Companies also in many cases enjoy limited liability, which is a mechanism that can effectively be used in financial planning and risk aversion.

However, in using a company as a business vehicle the duties and responsibilities of office holders (directors and secretaries) should not be under-estimated.

Directors must:
Be honest and careful in their dealings at all times;
Know in a responsible sense what your company is doing;
Ensure the handling of other people’s money by the company is secure;
Ensure that company is trading in such a way that its debts are paid when due;
Ensure the company keeps proper financial records and complies with ASIC and ATO and other statutory regulatory (e.g. superannuation) requirements;
Act in the company’s best interests;
Use any information obtained for and in the best interests of the company;
Do not conflict ones own interests with those of the company.

Whether your company is a single director company or a multi director company your responsibilities and duties as a director are the same and the consequences of non-compliance can result in the liquidation of your company and/or personal liability (and potentially bankruptcy) for its directors.

An unfortunate aspect of the building industry is that one does not ordinarily get paid prior to the provision of labour or the supply of materials. Thus, the issue of payments is very significant to ensure continued cash flow and the solvency of the company to meet its debts as and when they fall due.

Take the simple example where a Statutory Demand is sent to a company because it has failed to pay within the normal payment terms. If the ASIC records are not kept up to date as to the location of the registered office of the company, and the Statutory Demand is sent to vacant premises, that may constitute a default, and it will follow with Supreme Court proceedings to wind up the company and indeed a winding up order against the company.

There have been instances where companies have been confronted with a liquidator knocking on the door of the company’s business premises and asking for the keys to the business and directing that it cease all trading whilst showing a copy of the Supreme Court winding up order to validate the liquidator’s authority.

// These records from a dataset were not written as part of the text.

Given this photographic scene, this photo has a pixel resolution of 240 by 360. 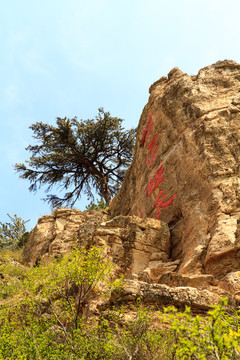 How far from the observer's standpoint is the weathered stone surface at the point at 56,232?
15039 millimetres

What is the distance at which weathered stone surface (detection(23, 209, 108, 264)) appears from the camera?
15.0m

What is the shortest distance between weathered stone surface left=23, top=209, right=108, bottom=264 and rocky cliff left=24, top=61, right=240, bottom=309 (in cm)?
6

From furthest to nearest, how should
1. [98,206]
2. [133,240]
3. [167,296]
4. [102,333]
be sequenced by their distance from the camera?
[98,206] → [133,240] → [167,296] → [102,333]

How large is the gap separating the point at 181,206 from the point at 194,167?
140 centimetres

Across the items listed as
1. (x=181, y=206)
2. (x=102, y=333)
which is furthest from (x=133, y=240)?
(x=102, y=333)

The effect of a winding up order is monumental. All the director’s powers and authority to control the company are immediately extinguished and the liquidator forthwith assumes full control over the company.

In such a case, application will need to be made to the Supreme Court to terminate (set aside) the winding up. The company must be able to prove solvency and its cognisance of corporate morality and all costs of the liquidator (who must undertake an investigation and report to the court) and lawyers must be paid or secured if and before the winding up order is terminated. The costs can quite easily escalate to be in the tens of thousands of dollars.

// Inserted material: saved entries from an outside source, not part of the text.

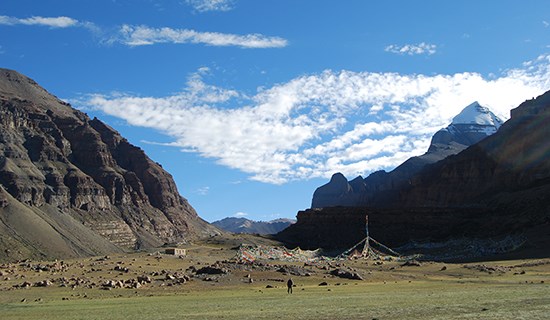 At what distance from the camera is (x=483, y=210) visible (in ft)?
467

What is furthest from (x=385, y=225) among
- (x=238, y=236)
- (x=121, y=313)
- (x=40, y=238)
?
(x=121, y=313)

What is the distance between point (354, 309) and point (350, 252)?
92884mm

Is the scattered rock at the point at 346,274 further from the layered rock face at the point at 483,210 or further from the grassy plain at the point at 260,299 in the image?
the layered rock face at the point at 483,210

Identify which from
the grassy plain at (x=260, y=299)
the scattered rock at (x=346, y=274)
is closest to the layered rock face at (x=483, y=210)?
the scattered rock at (x=346, y=274)

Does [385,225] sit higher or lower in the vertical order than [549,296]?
higher

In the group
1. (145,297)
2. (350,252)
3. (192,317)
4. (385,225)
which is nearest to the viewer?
(192,317)

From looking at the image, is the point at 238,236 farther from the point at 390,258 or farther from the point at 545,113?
the point at 545,113

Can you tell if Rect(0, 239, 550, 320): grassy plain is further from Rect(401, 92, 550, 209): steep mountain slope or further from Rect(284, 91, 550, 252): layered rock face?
Rect(401, 92, 550, 209): steep mountain slope

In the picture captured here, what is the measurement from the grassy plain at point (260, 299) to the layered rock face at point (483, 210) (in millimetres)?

In some instances due to a lack of ‘commercial morality’ or the responsible discharge of the directors duties and the conduct of the company’s affairs has resulted in the court refusing to terminate the winding up of companies where that winding up has come about in an accidental way (for example: failing to file documents, to keep records up to date or to pay tax liabilities).

All this cost, expense, inconvenience and stress may well have be avoided, had directors taken care to manage their corporate responsibilities, as trivial and frustrating as some of these responsibilities and duties may be.

One final thing of note, when a serious problem does arise for the first time, act swiftly and responsibly. It is imperative to get proper legal advice and to take the right steps at the earliest opportunity. Delay only tends to compound the problem and makes a satisfactory resolution all that more difficult to achieve.